Graphing Cumulative Rate Statistics

This article was written by Alex Reisner

This article was published in the Fall 2009 Baseball Research Journal

“No doubt some graphics do distort the underlying data, making it hard for the viewer to learn the truth. But data graphics are no different from words in this regard, for any means of communication can be used to deceive.” — Edward Tufte, The Visual Display of Quantitative Information


Data-visualization expert Edward Tufte suggests that graphs can deceive as easily as words. While that is certainly true, this article is not about intentional deception. Rather, it’s about graphics that have deceived their very authors. These graphs do not illustrate their purported subject because they are unwittingly dominated by some statistical phenomenon that causes the same distortion in all datasets, making vastly different numbers look similar. 

I’ve recently noticed a surprising number of graphs that have titles descriptive of the content the author wants them to have and not what is actually depicted.
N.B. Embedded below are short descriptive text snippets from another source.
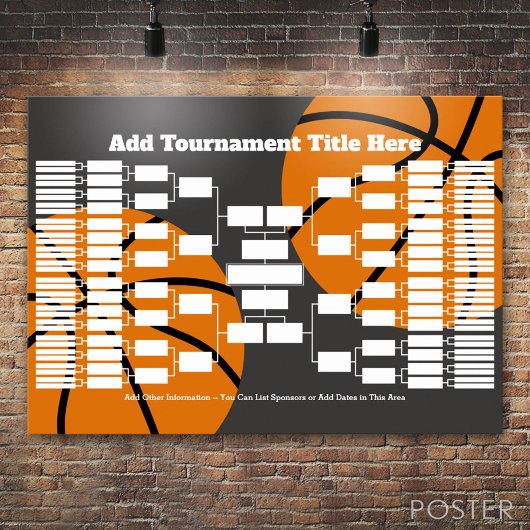 Basketball Tournament Bracket - 64 teams Poster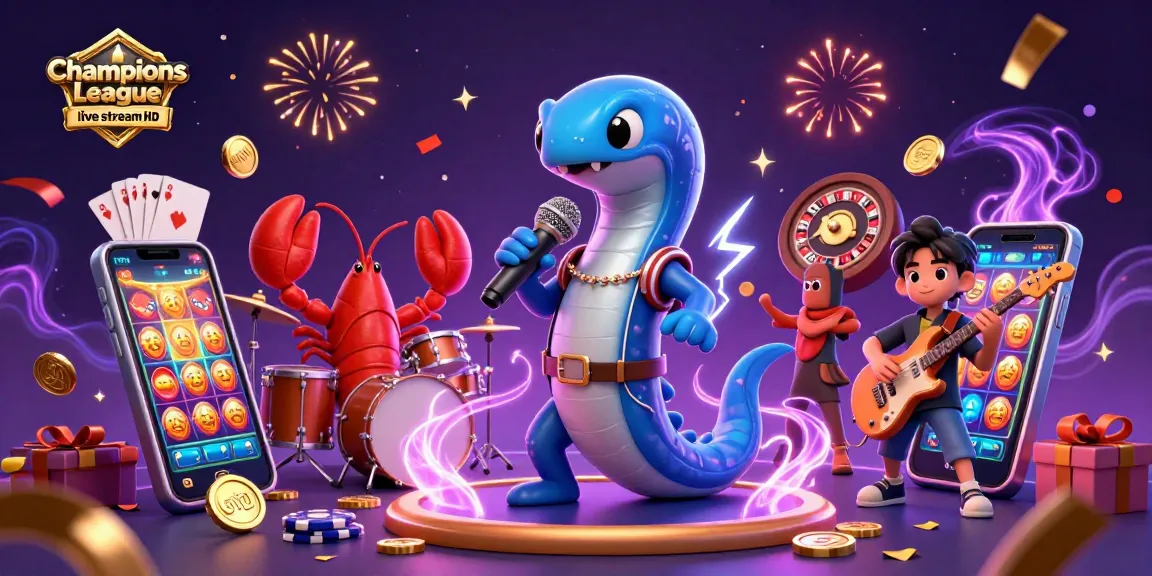 Engage with Champions League live stream HD in a vibrant underwater casino scene, featuring animated characters and dynamic gaming elements.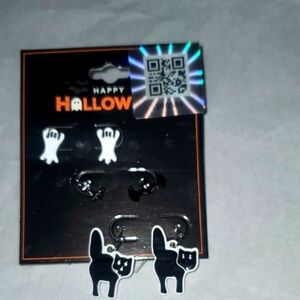 Halloween Ghost and Cat Earrings Set
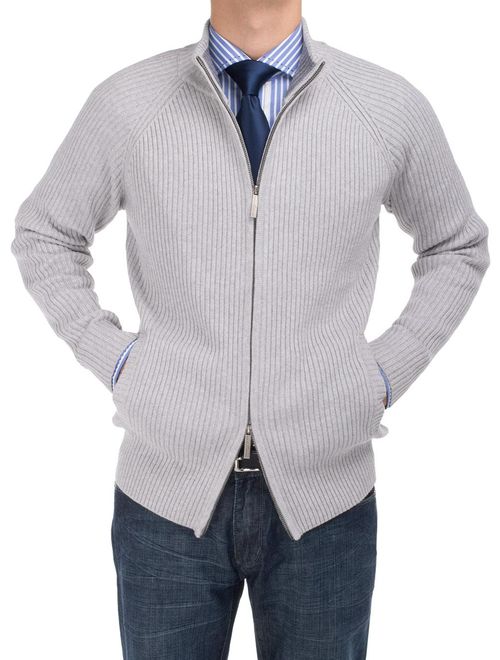 DTI BB Signature Men's Cotton Mock Neck Full Ribbed Full Zip Cardigan Sweater Gray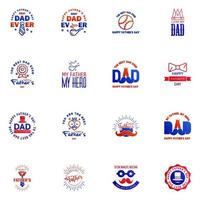 Happy fathers day 16 Blue and red Lettering happy fathers day Editable Vector Design Elements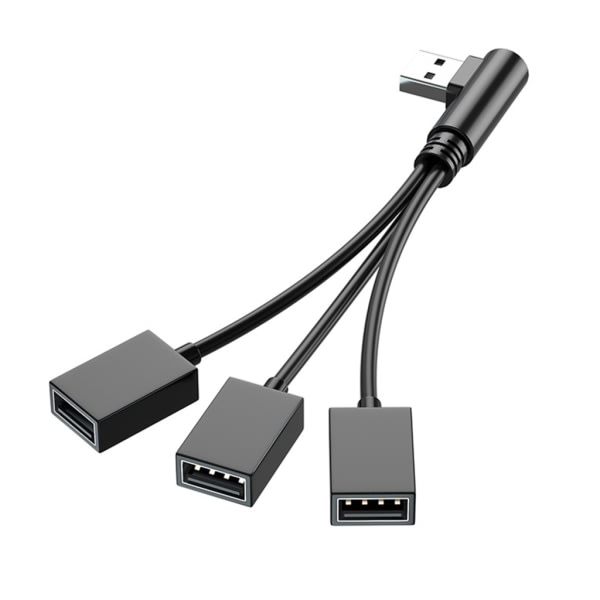 USB Splitter Hub for mobil strøm, bil, datamaskin USB hann-til-hun-laderkabel Datakabel-forlengelsesadapter null - Venstre bøy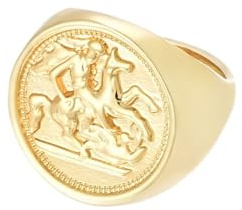 Ticome Solid St. George Dragon Slayer,Gold Sovereign Signet Ring for Men Religious Amulet Ring, Religious Jewelry Mens Christian Gift
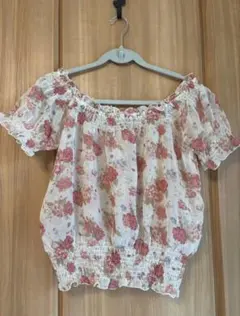 【匿名】COLZA 花柄 オフショルダー トップス M シアー素材　透け感のサムネイル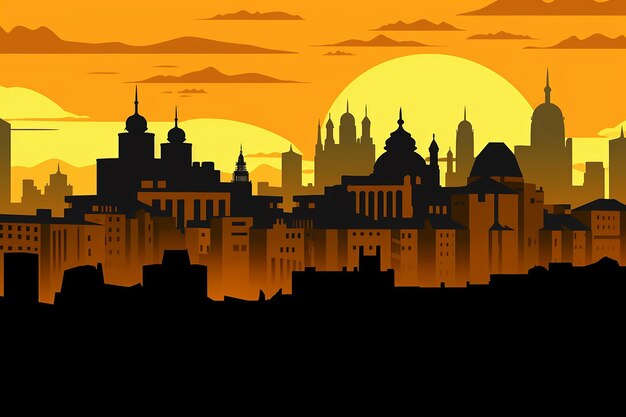 silhouette moschea illustrazione tramonto sfondo ramadan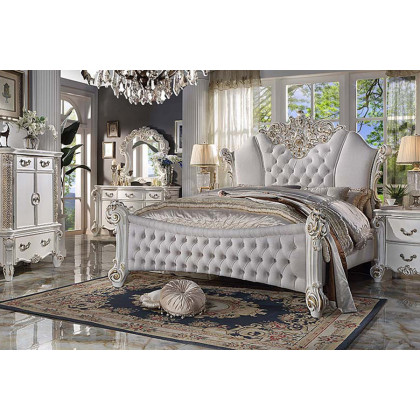 ACME Vendom Bed - Two Tone Ivory Fabric and Antique Pearl Finish, Queen Size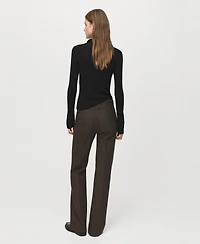 Mango Women's Polo-Neck Ribbed Sweater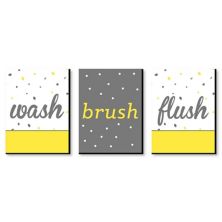 Big Dot of Happiness Yellow and Gray - Kids Bathroom Rules Wall Art - 7.5 x 10 inches - Set of 3 Signs - Wash, Brush, Flush Big Dot of Happiness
Graphs should be read skeptically, not because there is anything inherently sinister about them but because they make such powerful arguments, encapsulating large amounts of information, and are so frequently misunderstood by their authors that the potential for being led astray is serious.


The phenomenon I’m talking about is simple and widespread. It’s the tendency of cumulative “rate” stats to decrease in variation as the sample size increases. We understand this intuitively: Think about hitters’ batting averages at different points in the season. In April there are always some players batting over .400 who you know won’t finish the season over .300, and some players who start off in a .150 slump will finish at .300. The reason for these disparities is the small sample size. When a player has 20 at-bats, every hit has a large impact on his batting average: The difference between .150 (3-for-20)and .300 (6-for-20)is only 3 hits (made up by a 5-for-5 streak). When a player has 400 at-bats in August, the effect of a hit is dramatically less: The difference between .150 (60-for-400) and .300 (120-for-400) is 60 hits (made up by an 86-for-86 streak).


If we wanted to use a line graph to illustrate the fluctuation of a player’s batting average over the course of a season, how would we do it? The most common solution is to plot batting average along the y-axis and time along the x-axis. This has been done countless times, including in this publication,1 and it generally does not show what the author intends to show.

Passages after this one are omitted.